Despite their participation in the Children's Food and Beverage Advertising Initiative, a self-regulatory industry group pledged to reduce the marketing of unhealthy products to children, the food industry continues to aggressively promote its least nutritious cereals to children.
That's the troubling, but perhaps not surprising, conclusion of a new study, the findings of which were released in summarized form today by the Yale Rudd Center for Food Policy & Obesity. (The detailed findings will be presented this Sunday during the Biennial Conference of the Society for the Psychological Study of Social Issues in Charlotte, N.C.)
Entitled "the Cereal FACTS report," the study found that although:
companies have improved the nutritional quality of most cereals marketed directly to children... they also have increased advertising to children for many of their least nutritious products...
From 2008 to 2011, total media spending to promote child-targeted cereals increased by 34 percent.
Following up on its 2009 cereal study, the Rudd Center once again examined the nutritional quality of more than 100 brands and nearly 300 individual varieties of cereal, as well as the scope of industry advertising on television, the Internet, and social media sites. Some key findings:
The good news is that the overall nutritional quality improved for 13 of the 14 brands advertised to children, with increases in fiber and decreases in sugar and sodium. And children viewed fewer TV ads for 7 of 14 child-targeted brands, including Corn Pops and Honeycomb.
The bad news is that children viewed more TV ads than ever for the remaining seven child-targeted brands, including Reese's Puffs, Froot Loops, and Pebbles. Furthermore, some companies stepped up their Internet promotion of these brands, including the launch of a new Pebbles website from Post and a doubling in banner advertising by Kellogg on child-directed websites like Nickelodeon.com. Kellogg also introduced the "first food company advergame for mobile phones and tablets targeted to children for Apple Jacks."
The study also found that companies are increasing their targeting of Hispanic children by doubling Spanish-language TV ads. Hispanic children's exposure to these ads tripled.
And of course, it's no surprise that when companies market their lower-sugar cereals like regular Cheerios, the ads are directed to parents, but when marketing the sugary stuff, kids are the target audience. On that point, Marlene Schwartz, co-author of the study and deputy director of the Rudd Center, had this to say:
While cereal companies have made small improvements to the nutrition of their child-targeted cereals, these cereals are still far worse than the products they market to adults. They have 56 percent more sugar, half as much fiber, and 50 percent more sodium. The companies know how to make a range of good-tasting cereals that aren't loaded with sugar and salt. Why can't they help parents out and market these directly to children instead?
Overall the study provides yet more proof that industry "self-regulation" in this area has yet to be truly meaningful, and we already know that efforts to federally regulate the food industry are also likely to fail, given Big Food's well-documented grip on our elected officials.

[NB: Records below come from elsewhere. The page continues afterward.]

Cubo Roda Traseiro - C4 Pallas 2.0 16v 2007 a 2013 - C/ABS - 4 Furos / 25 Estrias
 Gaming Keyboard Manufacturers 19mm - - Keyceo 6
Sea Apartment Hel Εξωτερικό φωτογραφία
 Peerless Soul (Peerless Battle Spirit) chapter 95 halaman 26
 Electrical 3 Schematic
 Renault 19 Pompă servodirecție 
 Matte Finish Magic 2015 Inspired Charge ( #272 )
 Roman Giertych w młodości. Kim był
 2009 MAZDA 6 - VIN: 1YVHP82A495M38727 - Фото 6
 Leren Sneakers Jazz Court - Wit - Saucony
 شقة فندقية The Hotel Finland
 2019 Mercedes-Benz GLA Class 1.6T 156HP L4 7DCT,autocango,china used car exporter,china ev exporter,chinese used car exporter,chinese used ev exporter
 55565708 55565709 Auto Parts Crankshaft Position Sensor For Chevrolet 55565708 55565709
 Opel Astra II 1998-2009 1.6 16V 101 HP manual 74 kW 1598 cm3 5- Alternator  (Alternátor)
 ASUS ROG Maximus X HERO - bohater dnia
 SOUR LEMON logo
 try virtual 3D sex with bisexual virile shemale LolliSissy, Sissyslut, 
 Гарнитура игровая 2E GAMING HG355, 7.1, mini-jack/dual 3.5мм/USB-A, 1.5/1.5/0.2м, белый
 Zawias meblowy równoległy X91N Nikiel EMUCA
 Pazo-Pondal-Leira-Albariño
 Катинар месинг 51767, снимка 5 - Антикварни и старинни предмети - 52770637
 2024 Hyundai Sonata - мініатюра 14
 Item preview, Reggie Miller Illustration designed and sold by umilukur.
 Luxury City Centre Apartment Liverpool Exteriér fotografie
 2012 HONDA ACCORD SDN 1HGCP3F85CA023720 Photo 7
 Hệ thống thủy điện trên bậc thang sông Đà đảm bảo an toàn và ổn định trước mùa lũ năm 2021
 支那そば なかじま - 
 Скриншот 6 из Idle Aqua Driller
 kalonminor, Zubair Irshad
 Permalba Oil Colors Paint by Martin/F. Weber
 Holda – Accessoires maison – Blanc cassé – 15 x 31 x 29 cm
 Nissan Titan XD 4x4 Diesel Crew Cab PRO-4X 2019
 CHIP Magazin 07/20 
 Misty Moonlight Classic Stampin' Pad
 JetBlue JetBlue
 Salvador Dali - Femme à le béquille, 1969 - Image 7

But the recent announcement by Disney that it's ditching junk food advertising for kids does give me a bit of hope. There's clearly a market of parents out there looking for companies to support them in their efforts to feed their children well -- and a growing resentment among these consumers toward companies that prey on their children with aggressive junk food marketing.
Will free market forces ever tip in favor of these consumers, forcing companies to do the right thing if only to preserve profits?
Or do you think I've taken up residence in Disney's Fantasyland?